Will have the following characteristics attached to it:
Will or a Testament must be in conformity with the law and also be made by the person who is legally competent in this field.
It must be intended to come into effect after the death of the testator.
Will must be revocable by the testator at any time, section 63 of the Indian Succession Act. 1925 provides that a Will is liable to be revoked of altered by the maker of it at any time when he is competent to dispose of his property by will.
The declaration should relate to disposition of the property of the person making the will.

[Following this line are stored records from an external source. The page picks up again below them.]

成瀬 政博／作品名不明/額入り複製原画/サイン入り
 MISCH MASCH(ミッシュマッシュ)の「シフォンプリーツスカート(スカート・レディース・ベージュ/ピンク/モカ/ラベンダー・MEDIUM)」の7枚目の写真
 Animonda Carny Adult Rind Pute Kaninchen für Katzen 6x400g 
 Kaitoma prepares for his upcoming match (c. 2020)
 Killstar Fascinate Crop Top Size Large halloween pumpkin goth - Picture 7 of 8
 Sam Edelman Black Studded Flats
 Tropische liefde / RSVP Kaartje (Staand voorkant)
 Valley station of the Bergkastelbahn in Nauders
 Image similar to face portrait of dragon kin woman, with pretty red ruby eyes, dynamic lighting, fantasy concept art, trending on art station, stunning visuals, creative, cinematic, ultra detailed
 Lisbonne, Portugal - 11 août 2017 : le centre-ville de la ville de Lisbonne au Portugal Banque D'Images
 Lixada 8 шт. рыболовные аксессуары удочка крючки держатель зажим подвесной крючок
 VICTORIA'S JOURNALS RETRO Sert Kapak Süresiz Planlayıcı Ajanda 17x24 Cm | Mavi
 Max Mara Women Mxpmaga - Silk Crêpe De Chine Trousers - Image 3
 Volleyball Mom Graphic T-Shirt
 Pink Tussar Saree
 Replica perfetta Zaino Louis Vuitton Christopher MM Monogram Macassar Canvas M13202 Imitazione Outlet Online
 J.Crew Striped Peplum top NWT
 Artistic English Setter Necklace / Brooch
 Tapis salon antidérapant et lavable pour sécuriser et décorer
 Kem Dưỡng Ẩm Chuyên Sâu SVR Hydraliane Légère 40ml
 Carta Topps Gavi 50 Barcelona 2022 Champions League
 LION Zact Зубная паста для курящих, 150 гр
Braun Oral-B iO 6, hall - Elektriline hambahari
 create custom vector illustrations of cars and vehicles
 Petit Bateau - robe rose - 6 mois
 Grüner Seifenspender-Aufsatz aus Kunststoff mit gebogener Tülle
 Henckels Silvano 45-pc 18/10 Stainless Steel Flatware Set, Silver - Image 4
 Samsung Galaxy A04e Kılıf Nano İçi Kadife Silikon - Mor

The declaration as regards the disposal of the property must be intended to take effect after his death. When a person dies without having made a will, he is said to have died intestate. In accordance with the law of inheritance applicable to him, his property then automatically comes into the lab of his legal heirs who are generally close family members such as one’s spouse, children, parents brothers and sisters. In other words, in case of absence of will the property would be dealt with as per the laws of inheritance. For Hindus, Buddhists Jains and Sikhs, the laws of inheritance have been codified in the Hindu Succession Act, 1956. For Christians the Indian Succession Act,1925 will be applicable. Parsis and muslims both have different laws in respect of inheritance of property. This has, however, not been codified any legislation but is based on their religious texts. Even the major sections of Muslims Shias and Sunnis, both have different personnal laws. Any person can have a will except the person who is minor in age, does not have a stable mind or who is fraud or corrupt in his dealings. There is no prescribed form for the will but in order to be effective, it needs to properly signed and attested. Will must be in simple and clear language so that the purpose of the testator is reflected in his will.
Registration of Will
A will is to be registered with registrar in return of the payment of nominal fee. Here, the WILL is kept in safe custody and therefore, cannot be destroyed, tampered or stolen by anyone. While registering, the testator must be himself present at the Registrar’s office along with witnesses. However, it is not necessary to register WILL but if registered by the testator himself which automatically evidences the authenticity of the WILL. Also, registration of a document serves as proof that the proper parties had appeared before the registering officers and the latter had attested the same after ascertaining their identity. In india the registration of Wills is not compulsory even if it relates to immoveable property.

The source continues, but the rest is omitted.